In the past few months several people have contacted me to ask if I could update my LED USB Message Board driver so that it works on 64 bit machines, especially Windows 7. So I have finally gotten round to that.
It actually took me longer to find the source code than to fix it for 64 bit machines :-) It was one of those seemingly counter-intuitive problems. I had to tell Visual Studio to target x86 machines when compiling to make it work on 64 bit computers. This is because the USB code that I'm using is 32 bit only, so changing the compiliation to target x86 means that a 64 bit machine will know to run the code in 32-bit mode. Easy when you know how.
It might mean this driver has a limited shelf life, I'm probably not going to re-write a specific 64 bit version. So if Microsoft stop allowing 64 bit machines to run 32 bit code then the driver will stop working. But for now it works. It even means that I can use my own LED display again, since I've been running Windows 7 64 bit for ages...

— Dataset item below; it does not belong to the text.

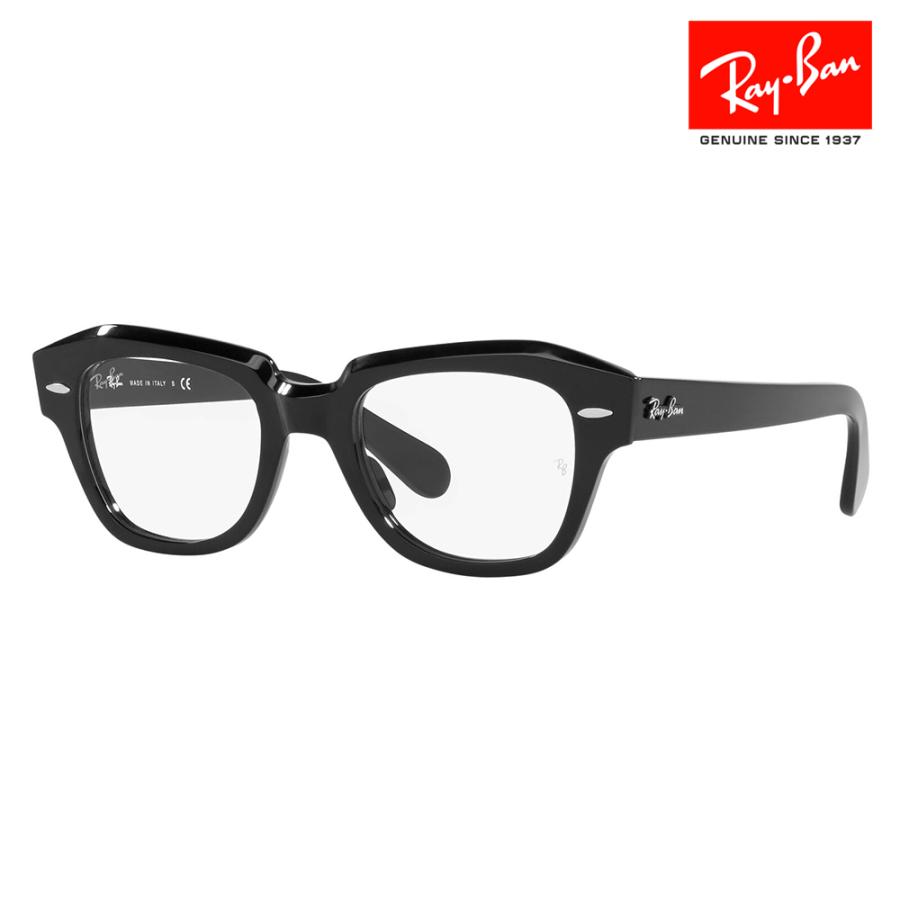 アウトレット レイバン Ray-Ban RayBan RX5486 2000 46 48 STATE STREET スクエア セル ユニセックス 伊達メガネ 眼鏡 | Ray-Ban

My LED driver page is here.
My last couple of posts have been made from my new Iconia Tab W500. Too many evenings have had me sitting on the sofa hunched over a laptop, whilst my wife looks much more relaxed with her iPad. I'd get an iPad myself - they are brilliant - but you can't program on them, so that is a deal breaker for me. The Iconia Tab W500 tries to be a laptop and a tablet:
When in tablet mode it is not as good as the iPad. The touchscreen pointer does not seem as accurate and you're left feeling that Windows 7 wasn't designed with tablets in mind. The on-screen keyboard (which is a special version for this machine, not the standard Windows 7 version) is better than on the iPad ... but the less accurate pointer means that you get the wrong key sometimes. Battery life seems OK when compared to other laptops - I have taken notes on it all day (with careful use of the screen brightness control) and still had some power left. When I got the machine I did a BIOS update which seemed to make the battery life much better though.
But ... you can run Visual Studio 2010 on it - so it scores bonus points there for me. All-in-all I'm quite happy with it, it does what I wanted it to. Perhaps there will be better Windows based tablets to follow.
It's here! Finally, Lenovo have sent my upgrade. It installed without a hitch and I'm very pleased with my new OS. They never did answer any of my recent e-mails chasing it up though.
OK, so I thought that I was finally making some progress with my "free" Windows 7 upgrade that comes with my new Lenovo PC. It took a very long time for them to validate my purchase - they check to see that you really have bought a Lenovo PC that qualifies for the free upgrade. I have no problem with that, but why did it take so long? In the end they validated my purchase 44 days after I registered for the upgrade.
So now they have actually taken my money, yes that’s right there is a £16 "shipping" charge. Don’t get me started – it does not cost £16 to send out a piece of software. Anyway, I have paid, they have taken the money off my card. In fact, they took the money 12 days ago. Their e-mail confirming the payment said: "A notification email with the shipping details will be sent to you when your order has been shipped". Guess what? Nothing. So they have taken my £16 and not shipped anything. So I thought that I would drop them a line via their Windows 7 Upgrade website. So far all I have got is an automated response: "This is to acknowledge the receipt of your enquiry and you will hear from us within 10 business days". Whoa! Two weeks to answer an e-mail? What’s interesting is that before they took my money their responses said: "This is to acknowledge the receipt of your enquiry and you will hear from us within 1-3 business days". Fascinating how they lose interest in you once they have taken your money, eh?
So, it's now been 21 days and I'm still waiting for Lenovo to validate my free Windows 7 upgrade. I have chased them up again, and this is the e-mail reply that I received today: "Dear David, Please, be patient, our team needs some more time for checking all received POPs. Once your POP is validated you will receive a confirmation e-mail. Best regards Jana".
My question is: when should a customers patience end and be regarded as bad customer service?
I bought myself a new PC. I’m pleased with it, a Lenovo ThinkCentre with a Quad Core processor. It’s nice and fast and has excellent build quality, the first thing I did when I took it out the box was peek inside the case.
One of the reasons I bought from Lenovo was because they’ll give me a free upgrade to Windows 7. I tried to avoid Vista completely, but as it turns out I will need to use it for a few weeks. I can put up with that. So, when my new machine arrived I filled in Lenovo’s on-line form to request my upgrade. Part of the process is to prove that I really did buy a Lenovo PC, so I have to send off my proof of purchase (an invoice or a receipt). I did that, which was easy because it can be done via e-mail. All good so far.
But that is where things have stalled. I can check my order on-line and it still says: 'Pending for Proof of Purchase'. I want to know that I will actually get my upgrade! After chasing them up via an e-mail (and it took about 5 days to get a reply) I get this: “Dear David, Please be patient our team needs some more time to check all received POPs. Once your POP is validated you will receive a Confirmation mail. Best regards Jana”. It’s now been 11 days since I submitted my proof of purchase. How long will I need to be patient? Come on Lenovo.